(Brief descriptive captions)
■ ■ ■ ■
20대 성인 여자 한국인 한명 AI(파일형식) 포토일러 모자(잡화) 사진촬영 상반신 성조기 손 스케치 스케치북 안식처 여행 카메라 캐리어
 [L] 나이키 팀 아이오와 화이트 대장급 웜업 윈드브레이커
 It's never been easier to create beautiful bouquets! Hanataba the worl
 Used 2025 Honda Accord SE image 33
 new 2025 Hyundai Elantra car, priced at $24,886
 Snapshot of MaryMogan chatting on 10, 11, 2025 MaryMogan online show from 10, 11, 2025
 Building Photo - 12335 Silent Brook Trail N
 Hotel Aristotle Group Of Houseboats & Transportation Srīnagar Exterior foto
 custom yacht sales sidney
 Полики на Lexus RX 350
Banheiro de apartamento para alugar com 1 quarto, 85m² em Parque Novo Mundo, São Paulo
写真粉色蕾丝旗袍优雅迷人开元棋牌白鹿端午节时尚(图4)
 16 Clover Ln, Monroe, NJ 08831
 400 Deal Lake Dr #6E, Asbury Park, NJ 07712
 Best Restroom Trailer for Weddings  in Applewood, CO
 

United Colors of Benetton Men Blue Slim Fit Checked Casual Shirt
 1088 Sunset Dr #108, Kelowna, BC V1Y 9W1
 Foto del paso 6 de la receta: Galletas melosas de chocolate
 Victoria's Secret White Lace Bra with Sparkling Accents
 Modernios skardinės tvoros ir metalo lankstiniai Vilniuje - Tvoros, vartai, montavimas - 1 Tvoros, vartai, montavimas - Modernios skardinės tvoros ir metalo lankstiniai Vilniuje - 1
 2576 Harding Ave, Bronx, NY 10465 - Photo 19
■ ■ ■ ■
→ What is required
If a line of the records above holds the word "Photo", show it.

→ Expected answer
 Building Photo - 12335 Silent Brook Trail N
 2576 Harding Ave, Bronx, NY 10465 - Photo 19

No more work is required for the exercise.